Forget holding out for the one, or someone special. Go fuck some hookers and fix the mental block in your brain that keeps you from success. Then as you get Veeky Forums you should at least be able to fuck your way through some practice girls. There is nothing with dicking some 3/10 milfs that are your age and used up.
>tfw ugly af and 5'6"
Remember it can be about genetics with most women because a lot of them are pieces of shit. Realistically what do you rank your self out of 10? do you really think you should be hitting above your weight? At least this is why many lift, you are adding points to your score.

what is the point of living?
There probably isn't much of a point, sometimes I think many of us may be able to. If you have the feeling that nothing matters then you can take control as success and failure no longer have triumphs or consequences. You are free to do as you please and do what you want.
how do i even begin turning my life around?
do a 360

Join some sort of club where you can do something you like.
Prefereably some group stuff and prefereably involving females.

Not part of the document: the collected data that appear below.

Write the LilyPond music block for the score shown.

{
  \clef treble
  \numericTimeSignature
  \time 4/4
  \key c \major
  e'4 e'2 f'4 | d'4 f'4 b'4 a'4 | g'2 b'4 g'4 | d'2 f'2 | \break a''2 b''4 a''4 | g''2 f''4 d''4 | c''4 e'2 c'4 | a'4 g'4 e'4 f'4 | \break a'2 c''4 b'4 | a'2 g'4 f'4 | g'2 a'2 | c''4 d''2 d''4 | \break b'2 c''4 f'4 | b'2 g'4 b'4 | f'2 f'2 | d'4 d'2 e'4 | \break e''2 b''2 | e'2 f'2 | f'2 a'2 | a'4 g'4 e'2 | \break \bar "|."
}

In the case you ran short of ideas just take dancing lessons (salsa, tango, anything involving partner dancing).

>i regularly work out
the way you phrase that make me think you just fuck around in the gym. you didn't say "I'm swole/ripped/aesthetic," you just "work out." If you work out regularly and aren't aesthetic, you need to 1) fix your diet 2) get a real program instead of fucking around 3)try harder

could you fucking retards quit asking that question. having a great body is quite a ways down the list of things needed to get a girl like that.
face, status, wealth, personality, social circle are all more important than your body

I want to start a personal training course for guys like you. Honestly. What would you be willing to pay for a course that would guarantee you social skills enough to do those things?

beee urself bro!

MEETUP.COM

Are you fit though?
I've been living in the woods on my own for 5 years lifting and growing food and eating my chickens eggs.
Made the decision to go it alone when I was 20.
I play sports too though, like a lot of them. And I meet people and get short term girls and relationships out of the teams and sports I play.